Blog / 7 October 2013

Mediastunt at UN Convention

Mediastunt at UN Convention


Last week it became clear that Syngenta AG has been rewarded with the same observer status as the Civil Society Organizations. Syngenta is one of the three largest multinational agri-business companies in the world. In the beginning they were mainly occupied with chemical pesticides that caused much damage to the environment, including Paraquat, Atrazine, neonicotinoid and DDT.


Today they are also working with genetically modified crops in patented seeds, making small and large scale farmers dependent on them because it is expensive to keep buying seeds every year. And these contracts are often flock contracts: the seeds come with pesticides (Syngenta, Bayer and other agribusiness).  In 2011 Syngenta made about $ 13.26 billion in revenue per year. Furthermore they are not afraid to use shady practices such as ‘buying scientific’ research’ and the use of private investigators against policy makers who don’t agree with them.  (See:


In my eyes Syngenta is not in the position to have influence on a UN treaty that is about improving the living conditions and environment of poor farmers in dry areas (Africa, the Middle East, Iran, large part of India , etc.) Fortunately, more people agreed with me so we wrote a diplomatic activist statement in which we argue that agri-businesses should not participate at this UN Conference.


Last Thursday I held my maiden speech in the plenary hall, with a plea that there should be additional criteria (in addition to the UN Global Compact criteria) to allow companies in the UN conferences. It was very exciting, my face on three big screens in a room as big as a football field.

And then it was Friday, the day of our media stunt. Unlike the conferences of the UNFCCC and CBD, during the UNCCD conferences a media stunt has never been organized. Thursday night we received official UN clearance. And then you have to stick to your protocol (so you shouldn’t shout out slogans or harass members) because otherwise you will lose your entry card and you’ll become a persona non grata.

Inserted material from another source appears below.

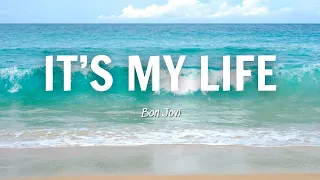 It's My Life - Bon Jovi (Lyrics)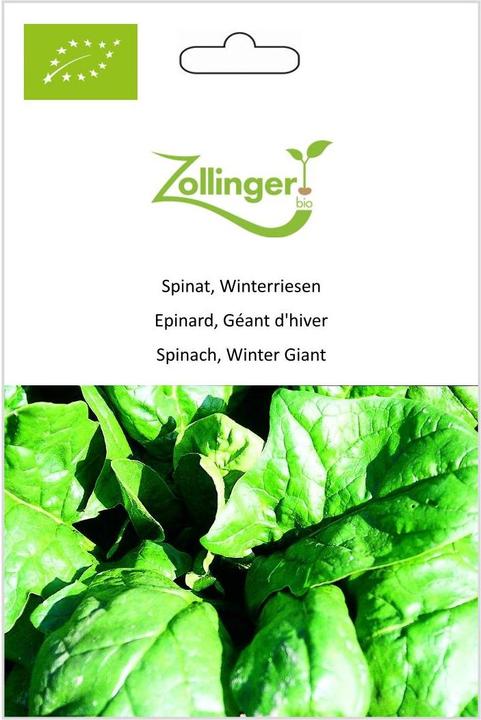 Image du produit Zollinger Bio Épinards, géants d'hiver (Germes)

On Friday we were standing with our paper signs on the square where all delegates walk past to go to the plenary hall. Our signs said: “why welcome the drivers of land degradation to the UNCCD? Say no to agribusiness!”

The media stunt was well received, but because many countries are not likely to spend a lot of money on the decisions made in the UNCCD, there is not enough money for implementation. Countries take a hopeful look at the private sector, in which Syngenta took some very clever steps. There are far-reaching plans to set up a fellowship program for research on land degradation. Syngenta, that promised a large financial donation, made a proposal for a name: the UNCCD Syngenta soil Academy.